→ **Instructions for the task**
Nothing but the pictures should be dropped; repeat the rest of the data below exactly.

→ **Source data**
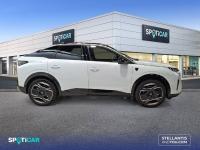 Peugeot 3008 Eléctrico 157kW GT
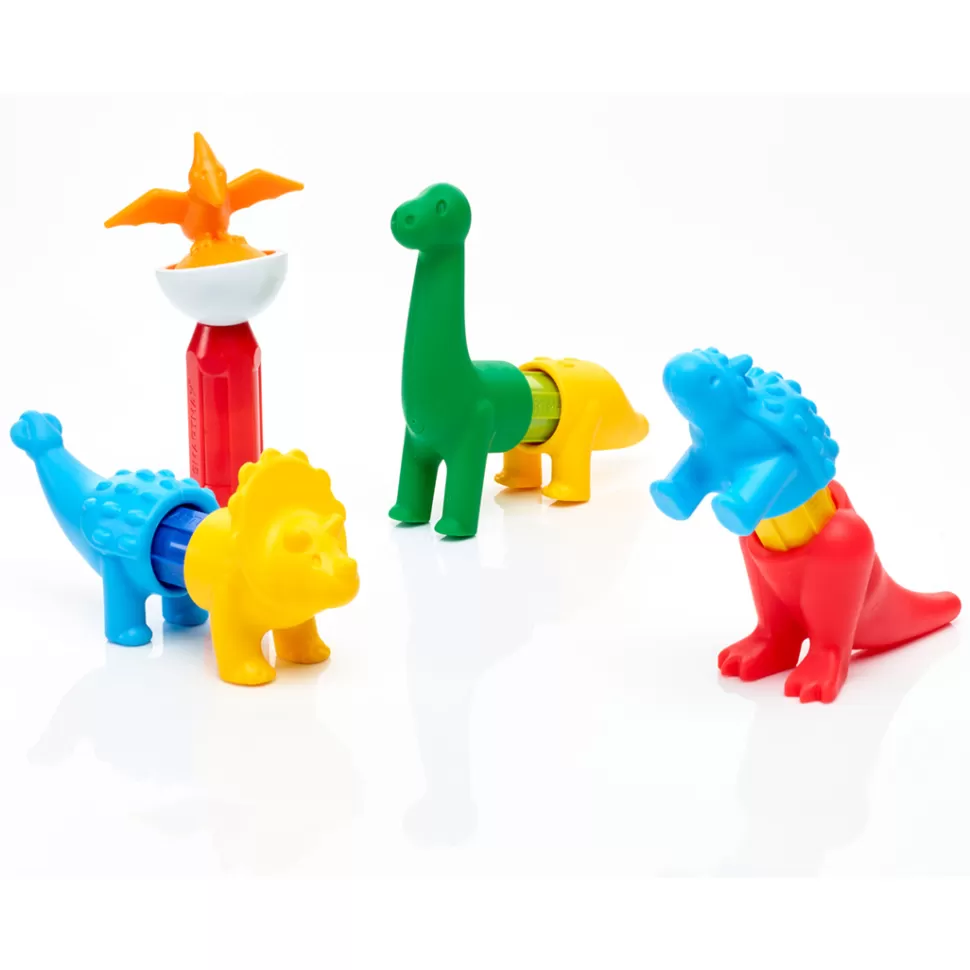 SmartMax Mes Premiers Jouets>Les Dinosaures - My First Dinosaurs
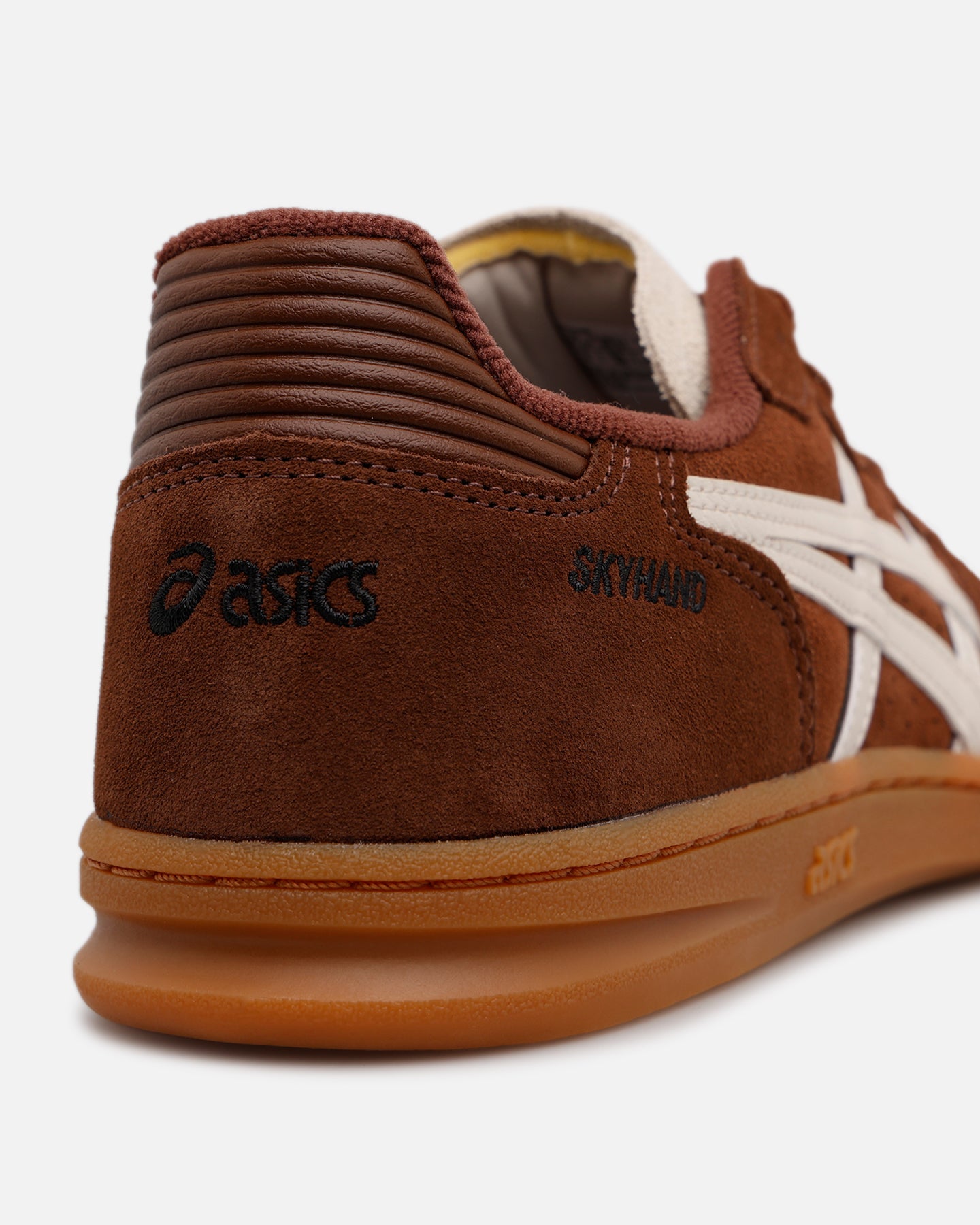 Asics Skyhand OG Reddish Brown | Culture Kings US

→ **Output of the exercise**
 Peugeot 3008 Eléctrico 157kW GT
 SmartMax Mes Premiers Jouets>Les Dinosaures - My First Dinosaurs
 Asics Skyhand OG Reddish Brown | Culture Kings US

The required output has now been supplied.